[Brief descriptive captions]
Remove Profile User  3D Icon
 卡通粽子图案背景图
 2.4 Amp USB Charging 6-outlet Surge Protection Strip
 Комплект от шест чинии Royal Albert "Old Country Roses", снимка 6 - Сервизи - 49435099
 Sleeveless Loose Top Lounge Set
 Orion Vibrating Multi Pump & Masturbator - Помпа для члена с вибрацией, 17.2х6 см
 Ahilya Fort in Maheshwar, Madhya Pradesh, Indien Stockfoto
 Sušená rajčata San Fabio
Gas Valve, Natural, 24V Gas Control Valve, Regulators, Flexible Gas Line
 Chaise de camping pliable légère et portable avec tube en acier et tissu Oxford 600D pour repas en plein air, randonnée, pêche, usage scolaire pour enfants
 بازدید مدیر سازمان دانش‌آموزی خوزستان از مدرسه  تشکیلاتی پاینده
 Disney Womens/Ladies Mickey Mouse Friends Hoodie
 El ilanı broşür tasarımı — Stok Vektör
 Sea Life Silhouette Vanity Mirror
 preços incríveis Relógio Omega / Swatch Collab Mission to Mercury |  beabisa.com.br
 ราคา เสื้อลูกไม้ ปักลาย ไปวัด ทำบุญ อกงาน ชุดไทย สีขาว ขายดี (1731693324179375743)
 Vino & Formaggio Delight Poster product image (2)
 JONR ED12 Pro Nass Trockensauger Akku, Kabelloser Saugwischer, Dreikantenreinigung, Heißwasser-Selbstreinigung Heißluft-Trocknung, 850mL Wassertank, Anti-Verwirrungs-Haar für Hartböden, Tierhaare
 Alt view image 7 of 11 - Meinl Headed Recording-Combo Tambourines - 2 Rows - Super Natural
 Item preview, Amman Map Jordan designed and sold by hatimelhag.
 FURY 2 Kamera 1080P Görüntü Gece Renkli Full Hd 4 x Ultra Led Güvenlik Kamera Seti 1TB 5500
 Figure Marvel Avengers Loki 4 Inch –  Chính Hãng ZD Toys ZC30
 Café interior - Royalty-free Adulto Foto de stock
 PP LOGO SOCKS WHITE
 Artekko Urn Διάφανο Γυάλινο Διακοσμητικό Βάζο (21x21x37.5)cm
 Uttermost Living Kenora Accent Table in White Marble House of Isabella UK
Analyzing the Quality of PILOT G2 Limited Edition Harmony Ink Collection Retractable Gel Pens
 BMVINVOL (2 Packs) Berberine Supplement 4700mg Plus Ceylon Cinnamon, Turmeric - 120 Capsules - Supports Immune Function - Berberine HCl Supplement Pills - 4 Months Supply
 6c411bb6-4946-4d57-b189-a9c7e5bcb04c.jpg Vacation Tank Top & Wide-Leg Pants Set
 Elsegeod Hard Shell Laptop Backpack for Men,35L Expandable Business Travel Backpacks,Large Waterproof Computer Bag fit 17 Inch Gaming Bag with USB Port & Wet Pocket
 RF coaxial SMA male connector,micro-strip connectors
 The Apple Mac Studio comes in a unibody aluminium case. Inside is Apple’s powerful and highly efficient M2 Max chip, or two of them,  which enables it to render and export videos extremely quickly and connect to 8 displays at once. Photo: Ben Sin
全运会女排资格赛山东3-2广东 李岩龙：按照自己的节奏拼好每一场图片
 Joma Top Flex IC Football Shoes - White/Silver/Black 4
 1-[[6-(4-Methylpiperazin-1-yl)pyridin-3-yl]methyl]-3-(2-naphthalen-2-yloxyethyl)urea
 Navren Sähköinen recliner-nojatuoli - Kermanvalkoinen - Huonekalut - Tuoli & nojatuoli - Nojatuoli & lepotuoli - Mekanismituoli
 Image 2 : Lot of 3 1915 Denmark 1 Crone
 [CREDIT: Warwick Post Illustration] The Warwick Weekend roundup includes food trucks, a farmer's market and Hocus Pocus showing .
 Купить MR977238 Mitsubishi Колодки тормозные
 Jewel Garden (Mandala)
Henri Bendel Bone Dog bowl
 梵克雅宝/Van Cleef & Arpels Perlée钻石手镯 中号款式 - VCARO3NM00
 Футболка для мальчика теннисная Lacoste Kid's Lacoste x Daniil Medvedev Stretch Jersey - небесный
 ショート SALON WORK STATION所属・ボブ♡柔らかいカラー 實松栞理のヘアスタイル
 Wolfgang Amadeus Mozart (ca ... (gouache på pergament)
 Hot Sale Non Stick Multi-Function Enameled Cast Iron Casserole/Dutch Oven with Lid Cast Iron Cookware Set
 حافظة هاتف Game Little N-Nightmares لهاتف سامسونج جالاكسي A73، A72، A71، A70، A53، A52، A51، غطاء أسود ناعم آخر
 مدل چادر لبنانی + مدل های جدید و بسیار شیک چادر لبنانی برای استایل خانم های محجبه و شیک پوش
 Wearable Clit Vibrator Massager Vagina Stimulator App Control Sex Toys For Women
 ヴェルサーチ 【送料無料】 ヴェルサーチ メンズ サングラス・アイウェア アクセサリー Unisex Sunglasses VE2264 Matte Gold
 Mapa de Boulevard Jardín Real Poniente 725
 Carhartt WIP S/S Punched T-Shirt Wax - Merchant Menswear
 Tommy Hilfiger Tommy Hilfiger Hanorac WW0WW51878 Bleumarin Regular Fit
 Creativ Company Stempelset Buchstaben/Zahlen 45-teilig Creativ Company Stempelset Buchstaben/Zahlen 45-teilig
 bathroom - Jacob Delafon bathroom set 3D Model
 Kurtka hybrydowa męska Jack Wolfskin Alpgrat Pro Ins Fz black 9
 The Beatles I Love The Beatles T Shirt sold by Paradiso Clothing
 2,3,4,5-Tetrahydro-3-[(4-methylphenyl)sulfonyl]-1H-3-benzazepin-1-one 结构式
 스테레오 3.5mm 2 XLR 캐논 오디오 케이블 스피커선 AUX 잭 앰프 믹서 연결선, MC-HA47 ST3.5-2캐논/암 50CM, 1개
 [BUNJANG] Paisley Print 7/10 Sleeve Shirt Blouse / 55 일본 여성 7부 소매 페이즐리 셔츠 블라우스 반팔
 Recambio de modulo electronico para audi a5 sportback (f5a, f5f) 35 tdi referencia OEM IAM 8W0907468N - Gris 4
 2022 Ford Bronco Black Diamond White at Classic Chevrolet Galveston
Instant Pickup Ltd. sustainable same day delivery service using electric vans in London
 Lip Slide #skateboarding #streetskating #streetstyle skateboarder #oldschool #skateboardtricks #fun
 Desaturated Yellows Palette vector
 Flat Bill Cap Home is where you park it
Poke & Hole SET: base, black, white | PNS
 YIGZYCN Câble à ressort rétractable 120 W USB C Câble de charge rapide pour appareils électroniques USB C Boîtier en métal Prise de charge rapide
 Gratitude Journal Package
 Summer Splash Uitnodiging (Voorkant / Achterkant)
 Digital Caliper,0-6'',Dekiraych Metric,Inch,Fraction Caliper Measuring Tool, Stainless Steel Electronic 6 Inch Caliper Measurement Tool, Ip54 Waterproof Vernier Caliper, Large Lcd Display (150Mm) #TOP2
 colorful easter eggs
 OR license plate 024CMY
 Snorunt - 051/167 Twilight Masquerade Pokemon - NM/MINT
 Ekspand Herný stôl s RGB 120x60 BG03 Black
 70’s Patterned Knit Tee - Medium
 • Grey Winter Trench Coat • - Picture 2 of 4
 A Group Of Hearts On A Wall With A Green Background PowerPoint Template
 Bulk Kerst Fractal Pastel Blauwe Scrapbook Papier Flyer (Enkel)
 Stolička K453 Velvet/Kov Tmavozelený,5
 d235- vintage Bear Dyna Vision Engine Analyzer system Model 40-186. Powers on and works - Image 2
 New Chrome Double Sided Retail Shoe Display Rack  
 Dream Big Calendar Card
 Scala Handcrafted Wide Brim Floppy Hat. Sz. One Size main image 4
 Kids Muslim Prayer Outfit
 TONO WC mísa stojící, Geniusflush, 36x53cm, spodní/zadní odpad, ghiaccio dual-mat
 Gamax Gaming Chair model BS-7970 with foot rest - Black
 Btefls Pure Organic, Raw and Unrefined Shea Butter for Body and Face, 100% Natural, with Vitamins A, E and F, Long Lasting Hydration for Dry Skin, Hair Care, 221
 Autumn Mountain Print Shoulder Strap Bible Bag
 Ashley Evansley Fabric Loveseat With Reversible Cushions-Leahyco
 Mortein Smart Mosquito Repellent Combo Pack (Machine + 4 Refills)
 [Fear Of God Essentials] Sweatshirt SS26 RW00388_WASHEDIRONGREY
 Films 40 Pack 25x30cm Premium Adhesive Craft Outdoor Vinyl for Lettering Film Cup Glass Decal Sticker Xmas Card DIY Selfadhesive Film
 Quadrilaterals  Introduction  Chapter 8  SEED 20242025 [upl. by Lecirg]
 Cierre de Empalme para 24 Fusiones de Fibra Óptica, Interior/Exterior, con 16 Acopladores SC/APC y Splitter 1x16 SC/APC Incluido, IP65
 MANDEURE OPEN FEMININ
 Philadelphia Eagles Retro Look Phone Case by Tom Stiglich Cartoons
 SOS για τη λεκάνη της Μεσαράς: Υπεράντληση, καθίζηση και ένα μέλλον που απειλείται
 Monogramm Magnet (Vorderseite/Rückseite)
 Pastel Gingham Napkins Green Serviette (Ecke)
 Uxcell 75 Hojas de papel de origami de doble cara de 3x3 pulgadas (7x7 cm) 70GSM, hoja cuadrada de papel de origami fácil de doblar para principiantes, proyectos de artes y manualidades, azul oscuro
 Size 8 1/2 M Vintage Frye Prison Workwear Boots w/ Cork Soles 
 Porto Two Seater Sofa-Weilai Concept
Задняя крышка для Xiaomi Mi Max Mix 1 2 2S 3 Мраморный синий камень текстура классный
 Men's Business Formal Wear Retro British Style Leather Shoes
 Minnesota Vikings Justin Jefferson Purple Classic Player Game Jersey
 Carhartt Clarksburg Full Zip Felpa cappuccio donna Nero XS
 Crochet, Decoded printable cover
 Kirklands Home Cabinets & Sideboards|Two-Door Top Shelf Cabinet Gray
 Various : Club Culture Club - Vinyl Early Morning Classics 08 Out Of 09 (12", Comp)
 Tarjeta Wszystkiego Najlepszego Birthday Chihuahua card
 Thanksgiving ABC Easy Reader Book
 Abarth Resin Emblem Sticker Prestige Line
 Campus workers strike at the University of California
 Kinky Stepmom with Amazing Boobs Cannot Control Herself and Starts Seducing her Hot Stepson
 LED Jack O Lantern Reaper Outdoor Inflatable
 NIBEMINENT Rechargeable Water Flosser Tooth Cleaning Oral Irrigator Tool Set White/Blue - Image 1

» What you have to do: Print, without alteration, only the lines above between the one holding "스테레오 3.5mm 2" and the one holding "Instant Pickup Ltd.", inclusive.

» Your response:
 스테레오 3.5mm 2 XLR 캐논 오디오 케이블 스피커선 AUX 잭 앰프 믹서 연결선, MC-HA47 ST3.5-2캐논/암 50CM, 1개
 [BUNJANG] Paisley Print 7/10 Sleeve Shirt Blouse / 55 일본 여성 7부 소매 페이즐리 셔츠 블라우스 반팔
 Recambio de modulo electronico para audi a5 sportback (f5a, f5f) 35 tdi referencia OEM IAM 8W0907468N - Gris 4
 2022 Ford Bronco Black Diamond White at Classic Chevrolet Galveston
Instant Pickup Ltd. sustainable same day delivery service using electric vans in London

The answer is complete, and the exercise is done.